My family had immigrated to Canada from a small village in northern Greece, a place with neither running water nor electricity. My arrival by ocean liner in Halifax came like a watery transition to the twentieth century. Overnight I was transformed from a peasant to a member of the working class and later, when I entered university, I joined the middle class. Upward mobility took on for me sky-high proportions.
This change, as is often the case, necessitated the gradual distancing from the culture and societies of my double inheritance. For I too had to prove what the European Enlightenment had demanded of Jews in the eighteenth century, namely that I was "romansfähig," capable of reading and appreciating literature or culture in general. Modernization is a Mephistophelean exchange, your simplicity and innocence for its complexity and insight.
Although this is a modern process, what crystalized it for me was paradoxically an encounter with antiquity. In my freshman year I had registered for a class in world religion and one of the readings was the Epic of Gilgamesh, the first recorded epic poem. I was entranced by the strange world of Sumerian Mesopotamia, the tale of Gilgamesh and Enkidu. But coming to the section on the flood I slipped into an existential crisis.
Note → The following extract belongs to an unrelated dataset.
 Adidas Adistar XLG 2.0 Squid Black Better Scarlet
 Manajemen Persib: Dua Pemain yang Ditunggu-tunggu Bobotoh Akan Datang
The hero, Utanapishtim, learns that a deluge is about to inundate the world and obliterate humankind. In order to preserve life on earth he is told to build a boat and take in two pairs of each living thing. Since “the gods resolved to send the deluge,” Utanapisthtim “sent up on board all my family and kin,/ Beasts of the steppe, wild animals of the steppe, all types/ of skilled craftsmen I sent up on board.” Upon the seventh day the boat perches on top of a mountain and Utanapishtim releases three birds to ascertain if the flooding is over. (One of Gilgamesh’s great achievements was to bring back to civilization this hitherto forgotten history.)
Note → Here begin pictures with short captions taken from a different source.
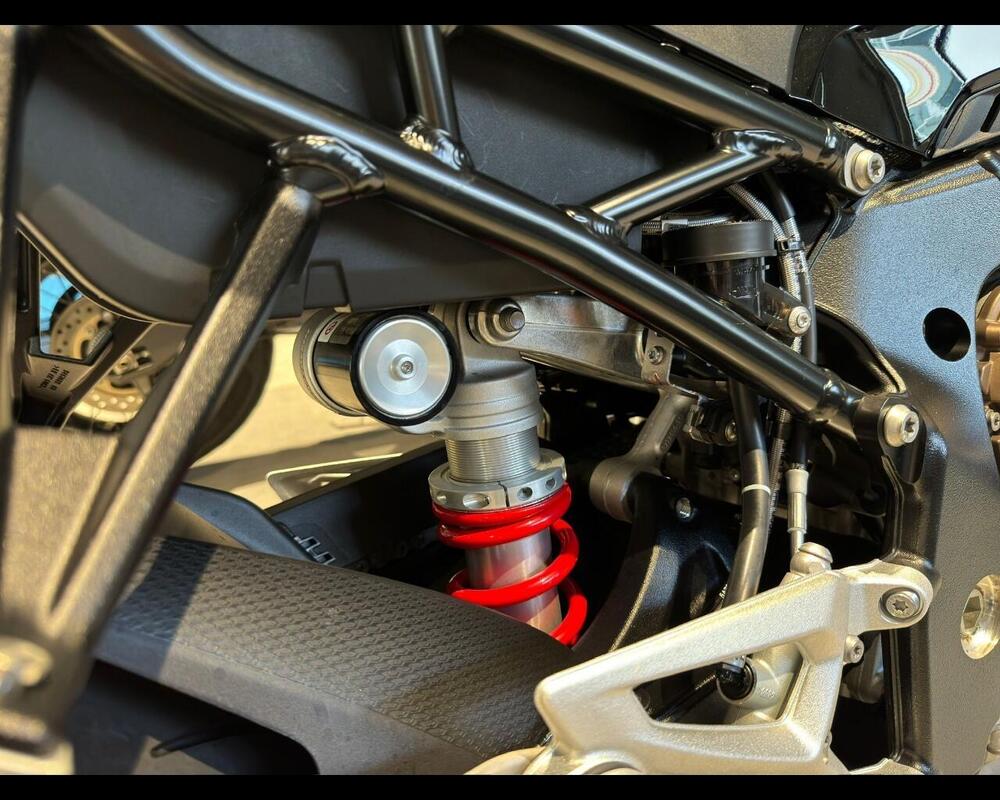 Bmw S 1000 R (2021 - 24) (12)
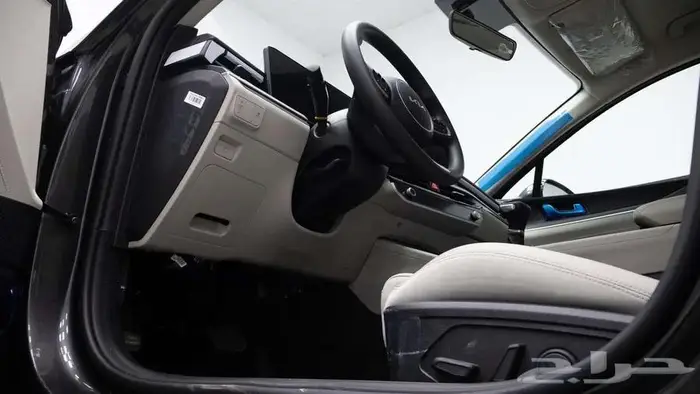 كيا كي 5 ال اكس تشغيل بصمة 2.5 2025 9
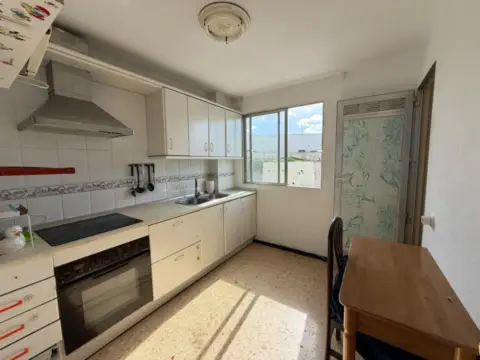 Piso en Urbanización Copherfam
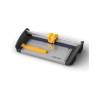Fellowes Atom A3 Rotary Trimmer 30 Sheets of 80gsm Paper (5410701)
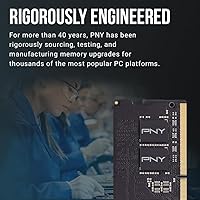 PNY Performance 16GB (2x8GB) DDR4 3200MHz Laptop Memory Kit — image 6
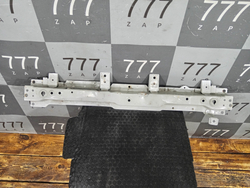 Панель передняя (телевизор) верхняя часть Changan Lamore 23-нв Б/У Оригинал C589F2707010200AA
Here was the story of the flood, which I had known from the Bible, which we had heard in church, and which we had studied in the village school. It was almost the same story verbatim. If the Bible was sacred text, I asked myself, how could this story exist in earlier form?
What was for me divine revelation turned out to be part of a common oral and textual inheritance of the Near East, a local story that eventually acquired global significance, tied to the myth-making of a people. Truth turned to tale.
It was not that I underwent a crisis of faith, saying to myself that I could no longer believe in God. Rather I experienced this particular reading, like my education generally, as a process of alienation, which imperceptibly severed my ties to my village, my family, and my working class neighborhood.
My life seemed to change with that text. Or perhaps that text instantiated the transformation I had to undergo in order to become modern, tolerant, comparative, secular, and interdisciplinary, casting away old stories and acquiring new ones. In any case, I emerged as another insignificant statistic of the march of time, of progress, enlightenment, of analysis, and of dialectic. In short, my education meant that I had fewer stories to share with my family.
For this reason, listening to my student I felt the poignancy of her situation. I remembered my own struggles as an undergraduate. Although we were of different ages and came from two separate places, I felt nevertheless that we were both suspended though the morning sun in a process that we could neither stop nor fully grasp.